Od 1 maja 2016 r. w przypadku postępowań w sprawach celnych stosuje się przepisy „pakietu prawnego UKC”, a konkretnie:
• art. 22-32 UKC,
• art. 8-15 rozporządzenia wykonawczego Komisji (UE) 2015/2447 z dnia 24 listopada 2015 r. ustanawiającego szczegółowe zasady wykonania niektórych przepisów rozporządzenia Parlamentu Europejskiego i Rady (UE) nr 952/2013 ustanawiającego unijny kodeks celny (tzw. „rozporządzenia wykonawczego”);
• art. 8-18 rozporządzenia delegowanego Komisji (UE) 2015/2446 z dnia 28 lipca 2015 r. uzupełniającego rozporządzenia Parlamentu Europejskiego i Rady (UE) nr 952/2013 w odniesieniu do szczegółowych zasad dotyczących niektórych przepisów unijnego kodeksu celnego (tzw. „rozporządzenia delegowanego”).

Już na wstępie rzuca się w oczy dysproporcja pomiędzy 152 artykułami Ordynacji podatkowej versus łącznie 30 artykułami prawa unijnego, w dodatku rozrzuconymi dla utrudnienia po trzech różnych aktach prawnych.

Żeby dodatkowo skomplikować prowadzenie postępowań celnych, w pewnym niewielkim zakresie postanowiono w Brukseli posiłkować się jednak przepisami krajowymi. W Polsce regulacje na ten temat zostały zawarte w art. 73 ust. 1 ustawy Prawo celne:

Art. 73. 1.
Do:
1) postępowania w sprawach celnych stosuje się odpowiednio przepisy art. 12,art. 138a § 4, art. 141–143, art. 168, art. 170, art. 215 § 1 oraz działu IV rozdziałów 2, 5, 6, 9 i 10, rozdziału 11 – z wyłączeniem art. 200, oraz rozdziałów 21–23 ustawy z dnia 29 sierpnia 1997 r. – Ordynacja podatkowa;
2) odwołań stosuje się odpowiednio także przepisy art. 140 § 1, art. 162 § 1–3,art. 163 § 2, art. 169, art. 208, art. 210 § 1 pkt 1–6 i 8 oraz § 2, art. 220, art. 221,art. 222, art. 223, art. 226–229, art. 232, art. 233 § 1 i 2, art. 234 oraz art. 234a ustawy z dnia 29 sierpnia 1997 r. – Ordynacja podatkowa.

Nawet pobieżny rzut oka na powyższe regulacje musi doprowadzić czytelnika do wniosku, że problematyka postępowań celnych została w prawodawstwie unijnym potraktowana po łebkach, a przepisy nie tworzą spójnej całości.
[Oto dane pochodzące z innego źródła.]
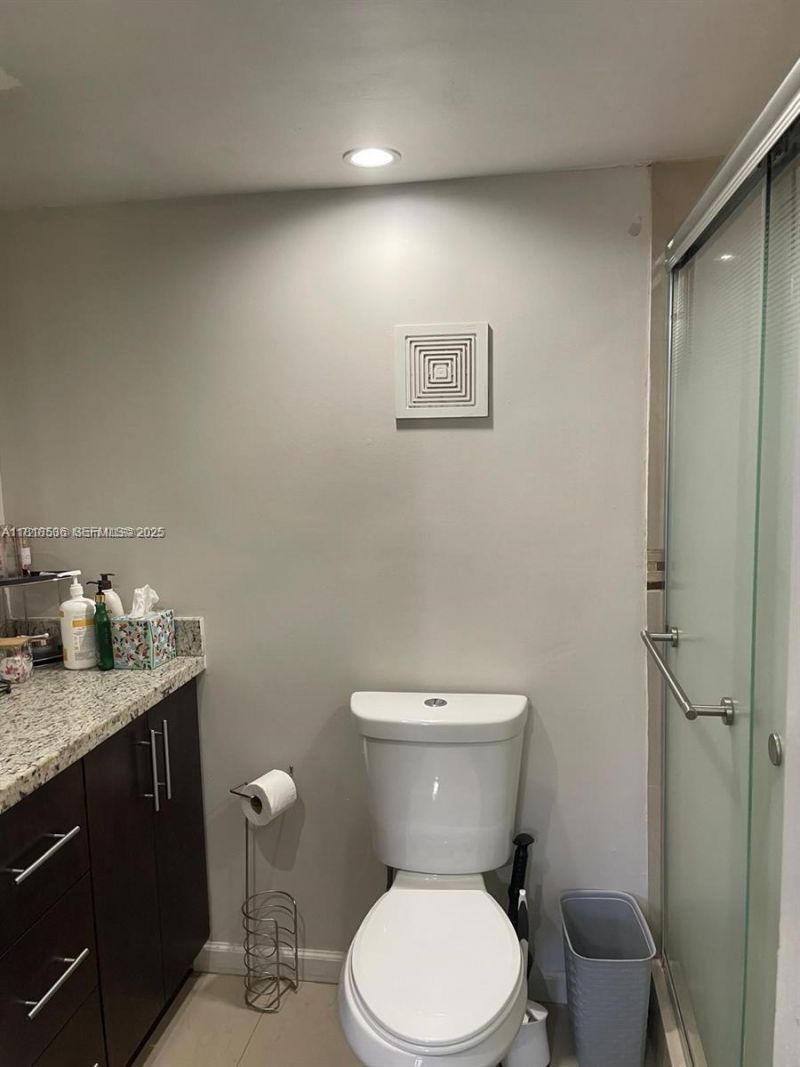 8409 N Missionwood Cir, Unit D-30, Miramar, FL 33025 Photo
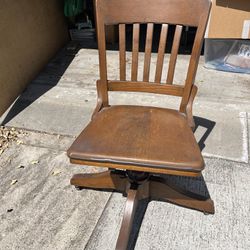 Antique Arts And Crafts Office Chair 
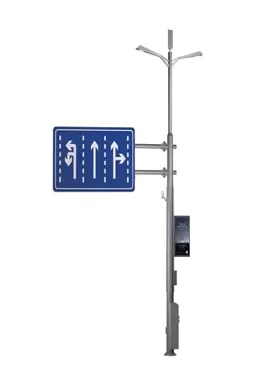 Poste de luz de calle con signo de carretera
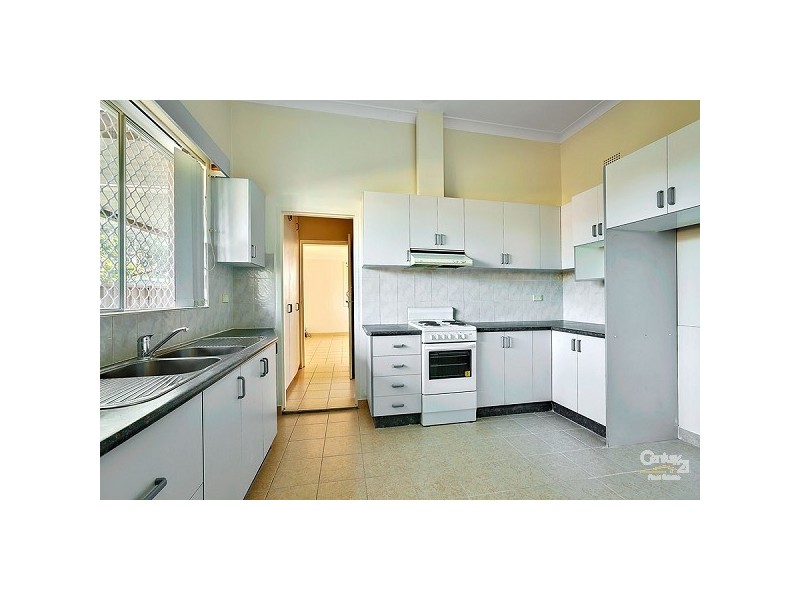 11 Mckenzie st, Campsie NSW 2194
Chociaż w preambule do UKC (w punkcie 22) słusznie zauważono, że „w odniesieniu do decyzji dotyczących stosowania przepisów prawa celnego (…) powinno się stosować te same zasady”, za słowami tymi nie poszły czyny: nie określono jednoznacznie zasad prowadzenia postępowań, a część regulacji nadal pozostawiono w gestii państw członkowskich.

Zmiany, zmiany, zmiany…

Polski przedsiębiorca wraz z „pakietem prawnym UKC” musiał przełknąć szereg nowości, z których większość była dla niego co najmniej niezrozumiała:

a) z obiegu prawnego wypadło pojęcie postanowienia, które zostało niejako wchłonięte przez kodeksowe pojęcie decyzji, zdefiniowanej jako „każdy akt wydany przez organy celne odnoszący się do przepisów prawa celnego zawierający orzeczenie w konkretnej sprawie, który pociąga za sobą skutki prawne dla zainteresowanej osoby lub zainteresowanych osób” (art. 5, punkt 39 UKC);

b) decyzje zostały podzielone na „korzystne” oraz „niekorzystne” (z punktu widzenia ich adresata), przy czym nie określono dokładnie, jakie czynniki decydują o ich „korzystności” lub „niekorzystności”. Brak jasnego rozróżnienia spowodował w efekcie nadmiar ostrożności ze strony organów prowadzących postępowanie (w myśl zasady, że lepiej na wszelki wypadek każdą decyzję traktować jako potencjalnie niekorzystną dla strony).Pojawiły się ponadto liczne nieporozumienia w komunikacji na linii urząd – petent oraz niepotrzebne wydłużanie postępowań, gdyż w tej sytuacji urząd ma obowiązek powiadomienia osoby zainteresowanej o podstawach, na których zamierza oprzeć decyzję, zaś osoba zainteresowana ma prawo przedstawienia swojego stanowiska w terminie 30 dni, licząc od dnia powiadomienia (aczkolwiek od tej reguły są przewidziane wyjątki). Ów 30-dniowy termin na przedstawienie stanowiska wydłuża termin wydania decyzji (który według UKC wynosi 120 dni) o kolejnych kilka tygodni, gdyż urzędy muszą jeszcze odczekać dla przyzwoitości kilkanaście dni, dając szansę poczcie na dostarczenie ewentualnego listu wysłanego na ostatnią chwilę.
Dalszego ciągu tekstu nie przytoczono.